GoodRx has had better days. And so have its users. A recent Consumer Reports article revealed the application that offers users discounted options on costly prescriptions was also providing user data to more than twenty online companies. Details like what drugs people were researching were forwarded to Google, Facebook, and marketing firm Braze. Other information sent out allowed these companies to pinpoint whose device is being used to search.
The startup's mission to help people access affordable and convenient healthcare is admirable. Still, the lapse in data protection led them to issue their statement: “A recent story in Consumer Reports… suggested that we were sharing more personal information with some third-party advertising platforms than we intended. Their feedback led us to re-examine our policies. In the course of our review, we found that in the case of Facebook advertising, we were not living up to our own standards. For this, we are truly sorry, and we will do better,” the company stated.
Many consumers who signed onto GoodRx’s services might believe that the app-provider falls under HIPAA (Health Insurance Portability and Accountability Act) rules. However, that is not the case with companies like the online pharmacy finder. Interestingly, several of the digital, direct-to-consumer companies that provide services linked to personal health data collection do not qualify as "covered entities" under the Act. Due to this gap in regulation, GoodRx can disseminate sensitive information to other firms without being bound to these standards.
However, the prescription-finder issued its statement outlining the changes they would be making to their privacy policies and practices. For example, GoodRx plans to ensure that no drug name or condition entered into the search bar is shared with Facebook – even in an encrypted form. Additionally, web usage data passed on to Google will be encrypted and audited according to strict privacy standards.
The firm is also committed to reviewing their contracts with third-party providers to meet the highest standards of data privacy – even HIPAA standards, when appropriate. GoodRx will also extend consumer protections required under the CCPA (California Consumer Privacy Act), including an opt-out, data deletion requests – and will make this available to all users regardless of California residency. More importantly, it has appointed a VP of data privacy, who will be overseeing data privacy efforts.

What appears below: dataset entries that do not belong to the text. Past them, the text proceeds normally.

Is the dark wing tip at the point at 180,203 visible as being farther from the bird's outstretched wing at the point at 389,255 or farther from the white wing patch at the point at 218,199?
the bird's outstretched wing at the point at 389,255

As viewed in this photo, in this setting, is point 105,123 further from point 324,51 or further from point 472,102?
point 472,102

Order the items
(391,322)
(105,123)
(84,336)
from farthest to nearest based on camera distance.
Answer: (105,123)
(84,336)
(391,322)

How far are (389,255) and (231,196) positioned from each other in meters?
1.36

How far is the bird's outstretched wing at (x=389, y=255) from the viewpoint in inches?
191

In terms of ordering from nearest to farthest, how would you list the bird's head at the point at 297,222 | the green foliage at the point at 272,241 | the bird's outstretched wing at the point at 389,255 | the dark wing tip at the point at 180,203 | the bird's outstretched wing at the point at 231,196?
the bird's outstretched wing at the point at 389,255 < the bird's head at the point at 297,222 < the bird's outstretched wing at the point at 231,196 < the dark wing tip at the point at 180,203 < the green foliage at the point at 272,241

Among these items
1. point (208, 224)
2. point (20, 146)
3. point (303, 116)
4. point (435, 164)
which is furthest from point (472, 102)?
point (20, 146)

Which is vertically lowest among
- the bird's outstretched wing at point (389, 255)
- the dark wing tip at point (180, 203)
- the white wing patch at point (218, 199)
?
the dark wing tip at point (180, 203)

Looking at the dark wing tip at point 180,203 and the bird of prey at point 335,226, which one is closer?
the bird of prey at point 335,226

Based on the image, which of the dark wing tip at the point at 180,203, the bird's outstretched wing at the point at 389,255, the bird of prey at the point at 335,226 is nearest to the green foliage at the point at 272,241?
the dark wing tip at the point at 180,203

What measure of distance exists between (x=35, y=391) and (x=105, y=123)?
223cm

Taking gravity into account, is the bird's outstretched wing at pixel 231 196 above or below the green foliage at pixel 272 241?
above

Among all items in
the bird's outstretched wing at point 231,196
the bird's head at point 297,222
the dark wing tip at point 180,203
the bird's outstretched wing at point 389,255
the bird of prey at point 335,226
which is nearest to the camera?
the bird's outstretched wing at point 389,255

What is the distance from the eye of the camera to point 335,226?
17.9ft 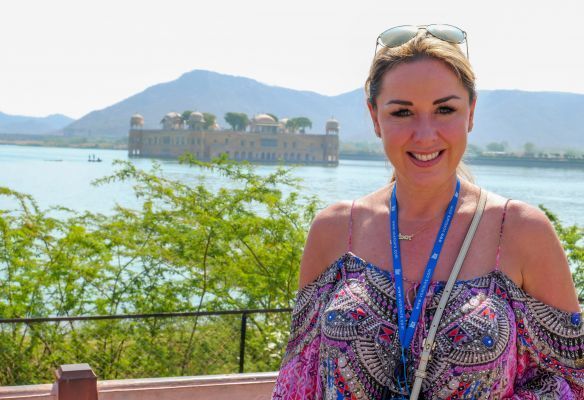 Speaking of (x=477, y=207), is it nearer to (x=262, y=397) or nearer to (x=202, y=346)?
(x=262, y=397)

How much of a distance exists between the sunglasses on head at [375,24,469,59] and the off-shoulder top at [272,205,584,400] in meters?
0.48

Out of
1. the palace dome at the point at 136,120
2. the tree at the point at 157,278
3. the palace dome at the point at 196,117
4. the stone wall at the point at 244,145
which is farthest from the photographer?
the palace dome at the point at 136,120

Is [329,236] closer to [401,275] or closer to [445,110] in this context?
[401,275]

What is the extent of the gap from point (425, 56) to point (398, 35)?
10 cm

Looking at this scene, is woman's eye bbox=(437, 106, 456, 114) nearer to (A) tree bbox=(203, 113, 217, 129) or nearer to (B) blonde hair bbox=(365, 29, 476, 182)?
(B) blonde hair bbox=(365, 29, 476, 182)


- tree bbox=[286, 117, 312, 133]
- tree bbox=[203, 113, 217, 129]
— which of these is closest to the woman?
tree bbox=[203, 113, 217, 129]

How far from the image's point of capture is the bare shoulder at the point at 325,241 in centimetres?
185

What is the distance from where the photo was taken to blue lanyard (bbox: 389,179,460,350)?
63.3 inches

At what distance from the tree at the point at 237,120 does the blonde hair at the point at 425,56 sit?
117591 millimetres

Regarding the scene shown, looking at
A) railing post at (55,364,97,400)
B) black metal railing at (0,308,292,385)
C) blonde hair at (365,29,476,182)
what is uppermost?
blonde hair at (365,29,476,182)

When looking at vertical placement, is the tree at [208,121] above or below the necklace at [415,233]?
below

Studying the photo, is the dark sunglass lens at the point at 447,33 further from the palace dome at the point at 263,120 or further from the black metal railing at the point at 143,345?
the palace dome at the point at 263,120

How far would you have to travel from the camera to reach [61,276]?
7.19 metres

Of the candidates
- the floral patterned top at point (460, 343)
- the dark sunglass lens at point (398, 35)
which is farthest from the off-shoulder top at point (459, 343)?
the dark sunglass lens at point (398, 35)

GoodRx also expanded on why they used third-party providers. Braze, for example, is a messaging service that provides email or text reminders for prescription refills and if the firm has located a better price on the user's prescription. The company also spoke about advertising with Facebook and Google to get the word out about its services. In each case, the firm qualified if people could opt-in and out, what privacy standards were being used, and how information was anonymized if shared.
In the end, the firm offered an olive branch to users and invited them to be part of the $1 billion that GoodRx helps customers save every year on prescriptions and healthcare. They stated they could still help them save money while putting privacy first.